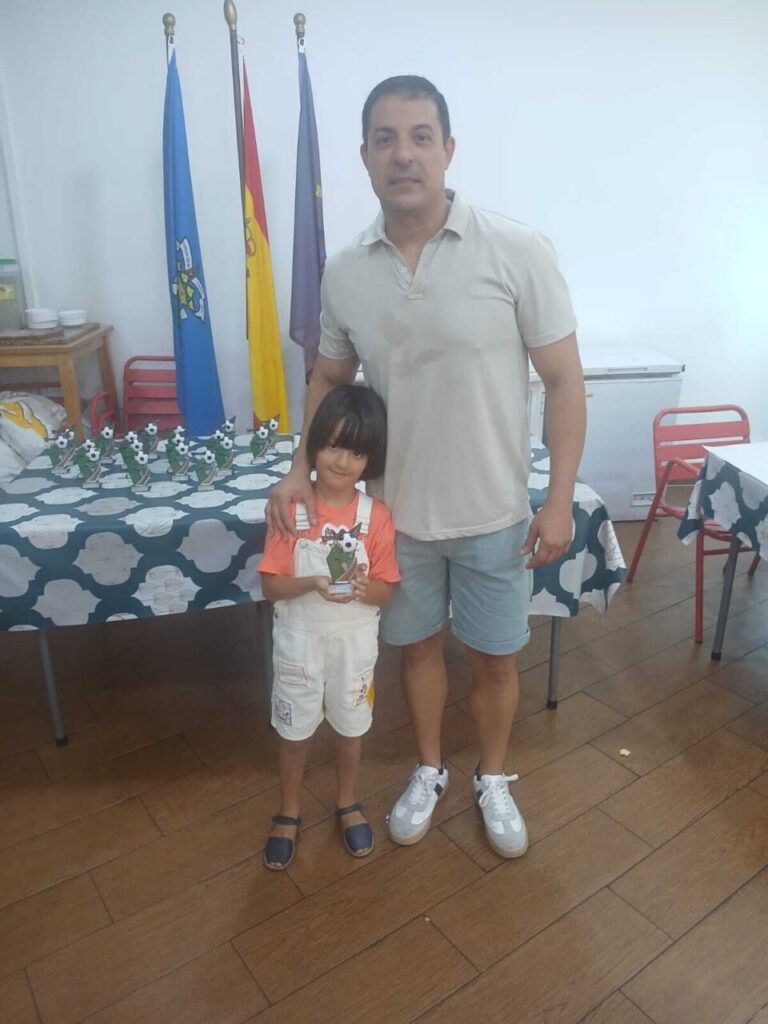 Entrega de trofeos a alumnos de la Escuela Luisca en un evento familiar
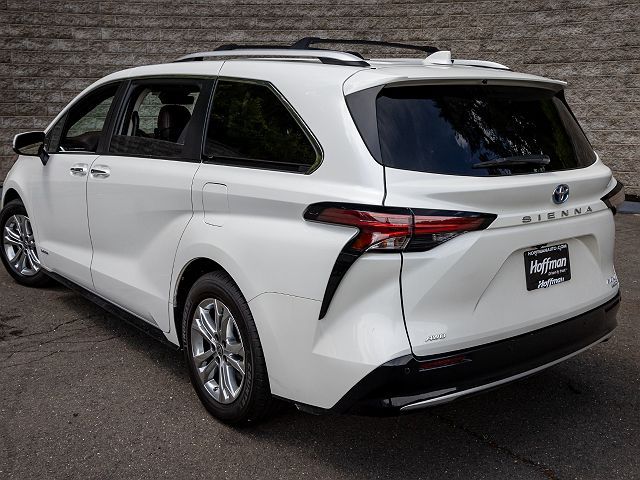 Toyota Sienna Platinum 2022
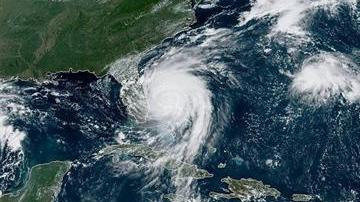 El huracán Dorian mientras bordea las costas de Florida.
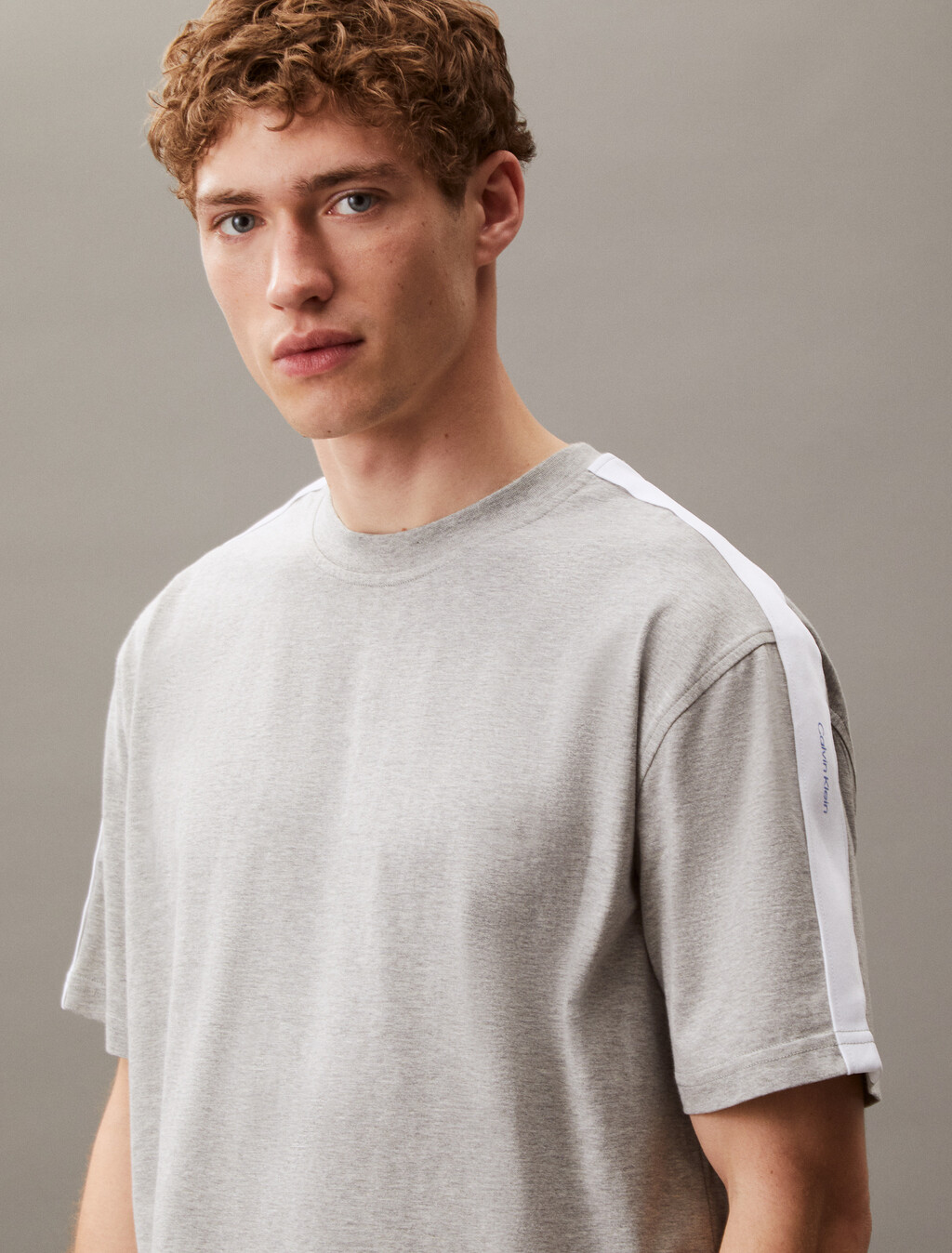 Essential Relaxed Tee, BC01 Light Grey Heather, hi-res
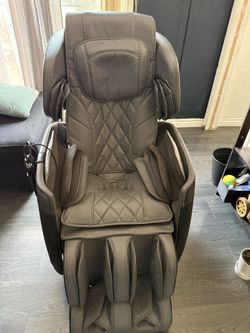 Titan Message Chair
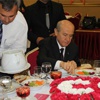 Bahçeli'den milletvekillerine Mozart ziyafeti! Bahçeli'den milletvekillerine Mozart ziyafeti!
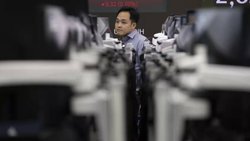 La chute particulièrement forte des actions au Japon est liée à la politique monétaire de ce pays.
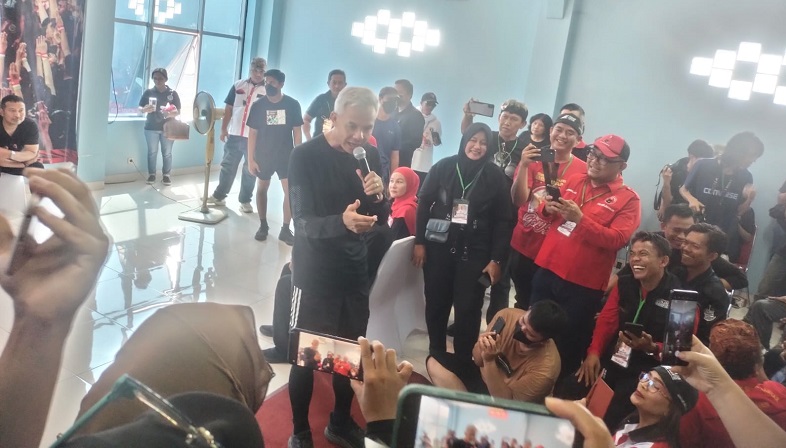 Temui Relawan, Ganjar Cerita soal Baliho Kampanye di Bali hingga Sumut Dicopot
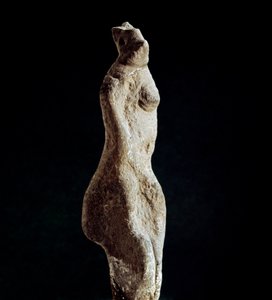 Nuragisk kultur (nuraghi) Sardinian: kalkstensstatyett av Venus steatopigic (form på nedre delen av ryggen) (Venus de Macomer), som kommer från Macomer, nära Nuoro. Anor från den prenuragiska perioden (25-1700-talet f.Kr.) Eneolitikum. Cagliari, Arkeologis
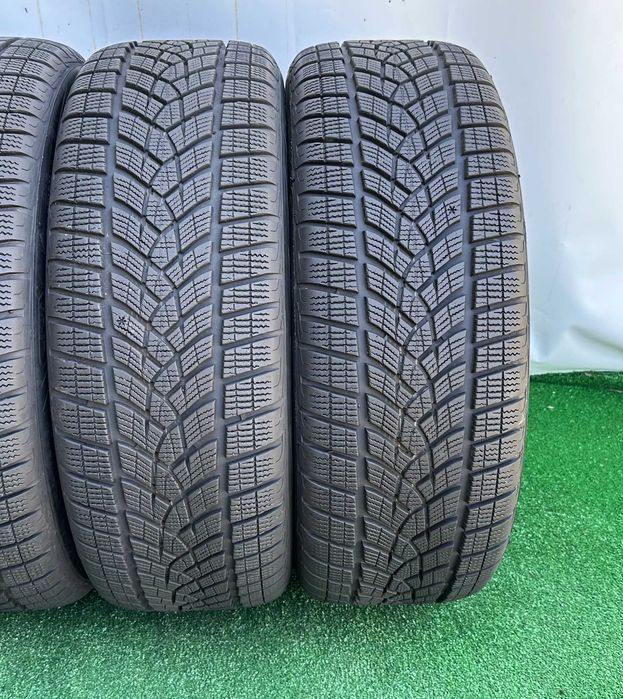 4бр 225/55r18 GOODYEAR зимни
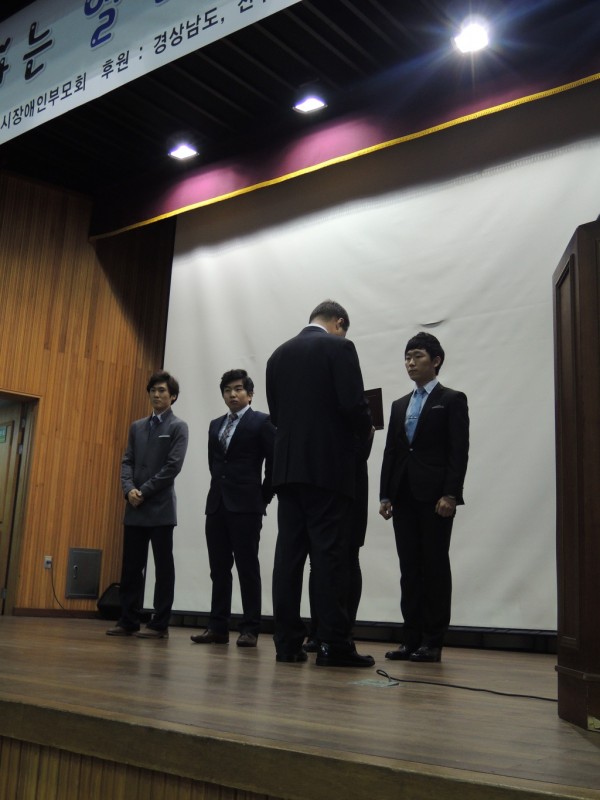 시장상.jpg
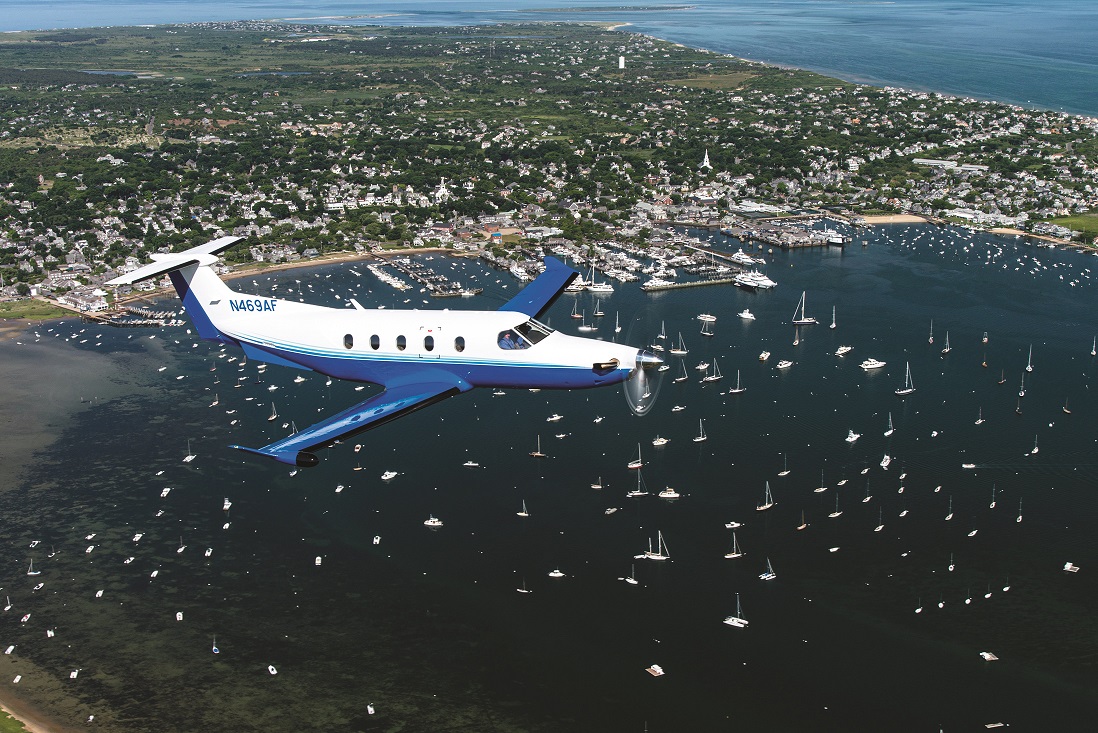 PlaneSense Pilatus PC-12 Flies over Nantucket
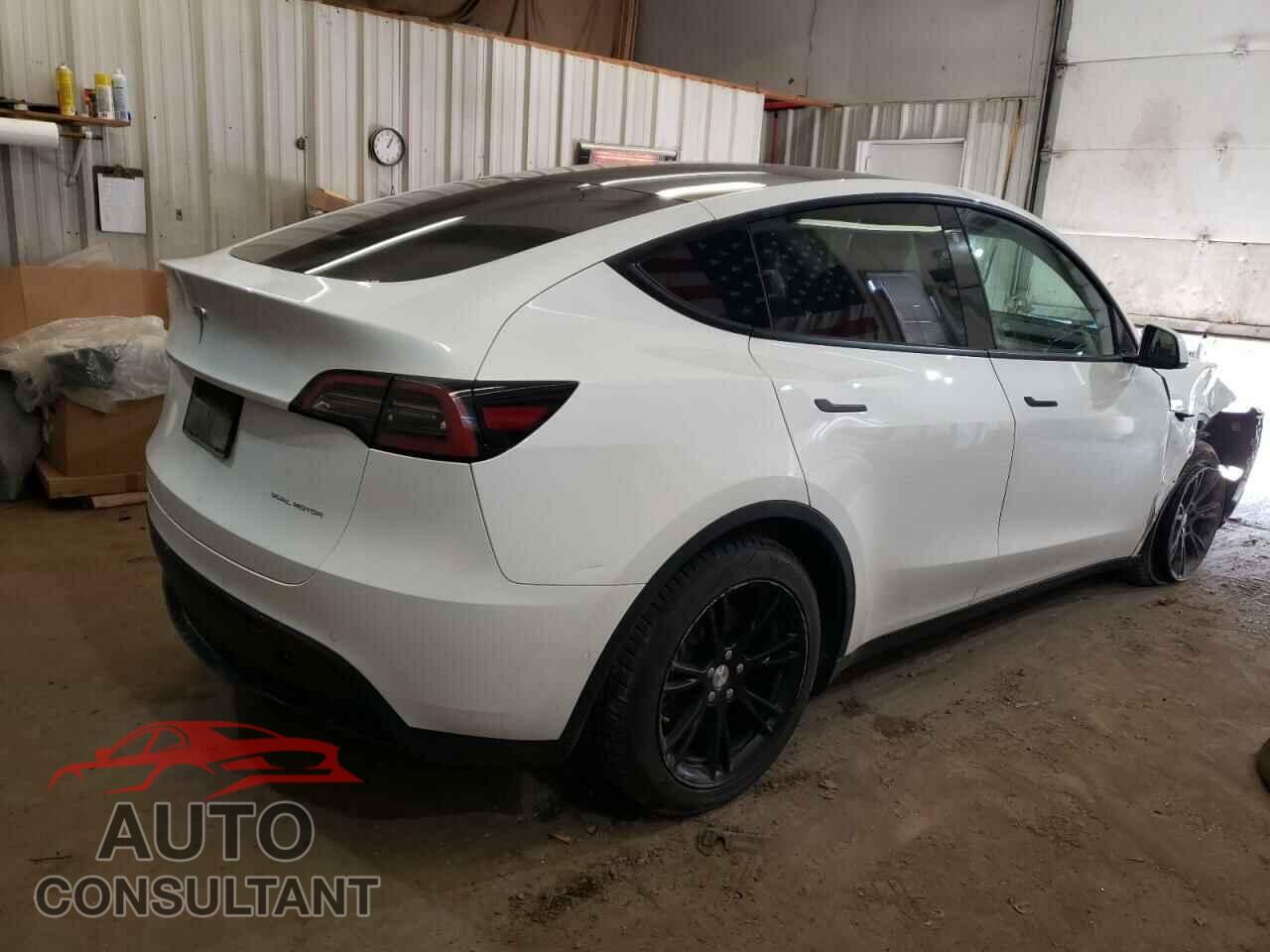 TESLA MODEL Y 2021 - 5YJYGDEEXMF302400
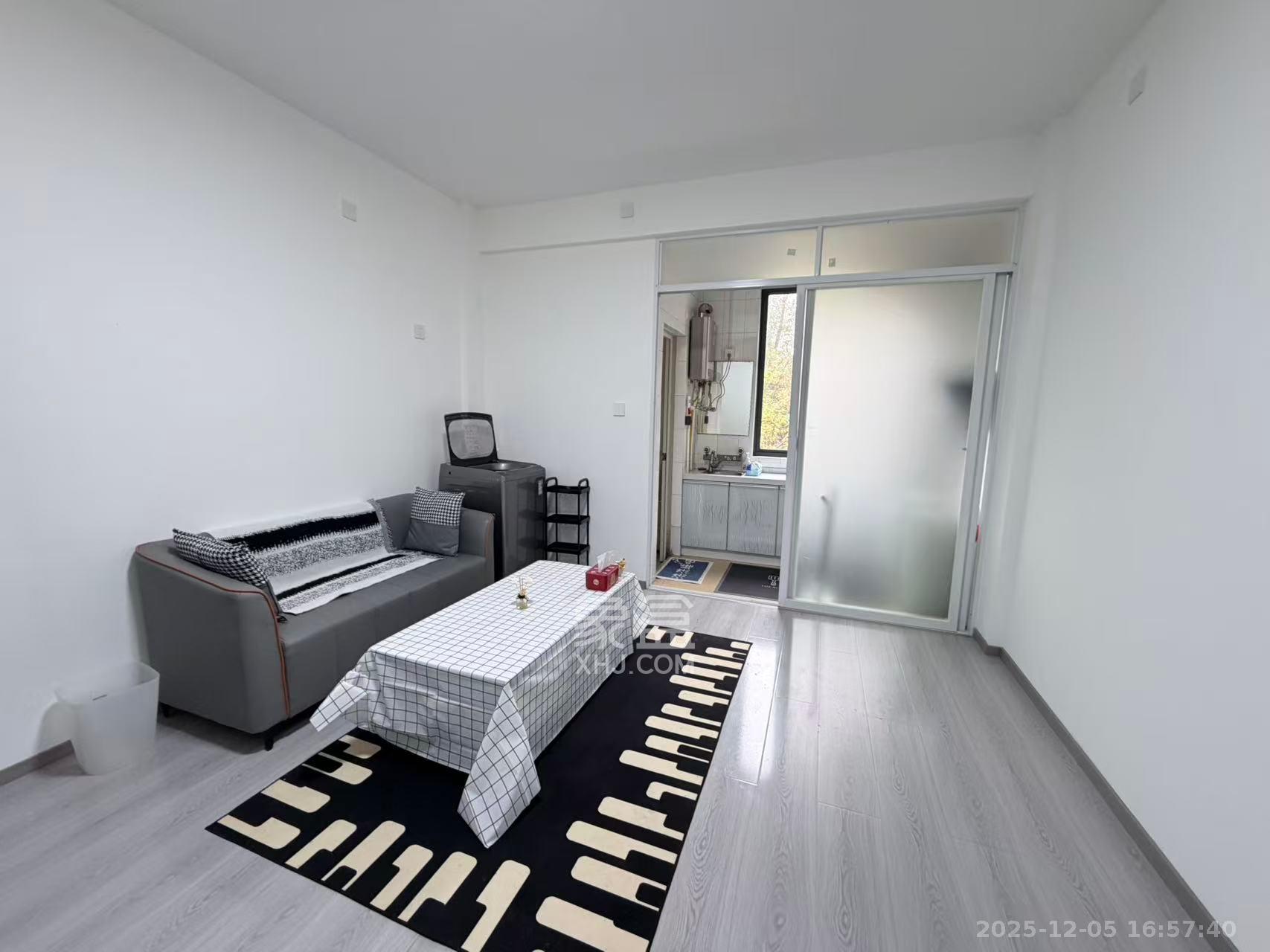 都市E站  1室1厅1卫    1500.0元/月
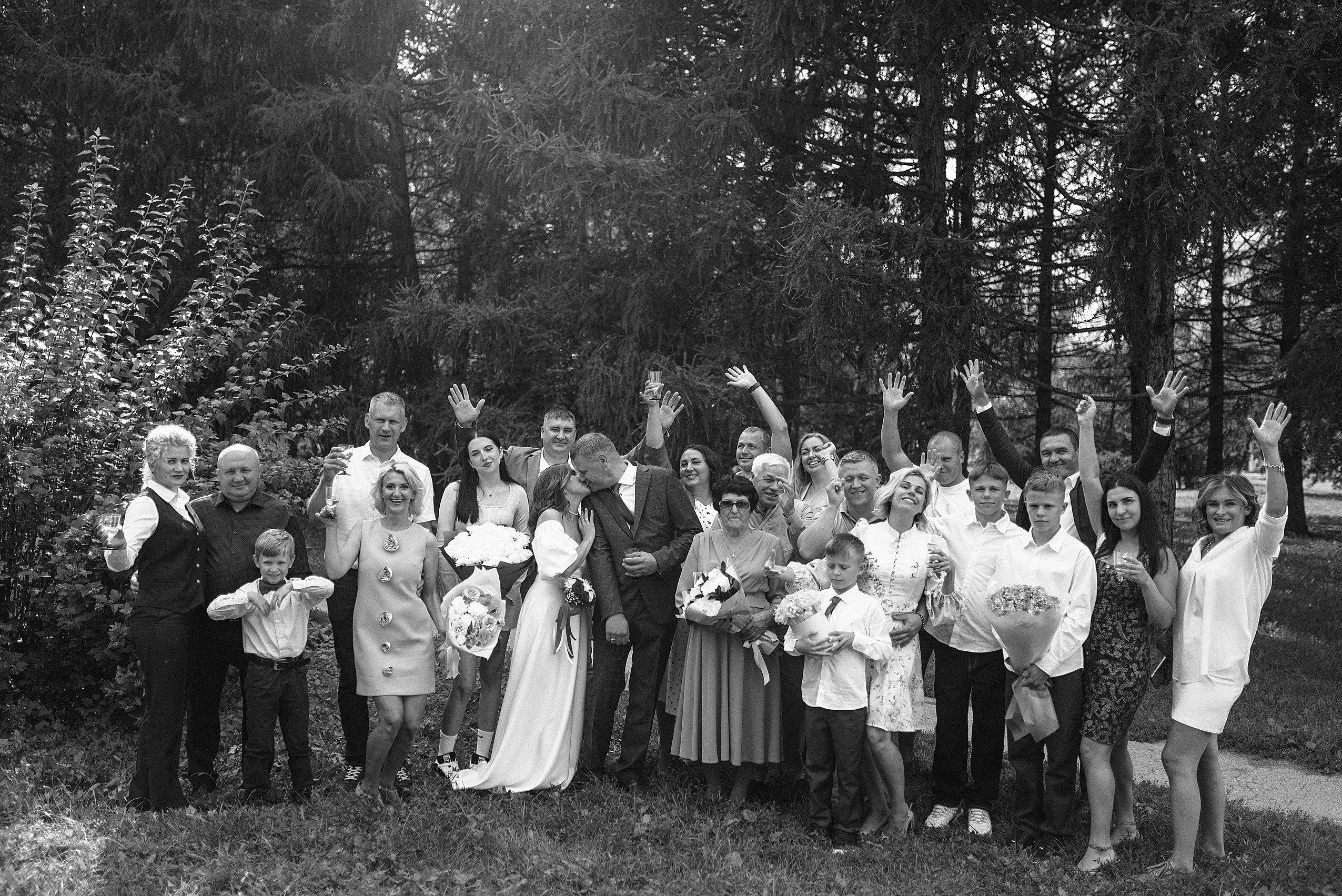 Уличная свадебная фотосессия в Краснообске. Свадебный  Фотограф Дарья Едапина Новосибирск. Фотограф Дарья Едапина Новосибирск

The task: Output should consist of the lines above from the one with "Toyota Sienna Platinum 2022" down to the one with "La chute particulièrement", exact and without pictures.

Task result:
 Toyota Sienna Platinum 2022
 El huracán Dorian mientras bordea las costas de Florida.
 Essential Relaxed Tee, BC01 Light Grey Heather, hi-res
 Titan Message Chair
 Bahçeli'den milletvekillerine Mozart ziyafeti! Bahçeli'den milletvekillerine Mozart ziyafeti!
 La chute particulièrement forte des actions au Japon est liée à la politique monétaire de ce pays.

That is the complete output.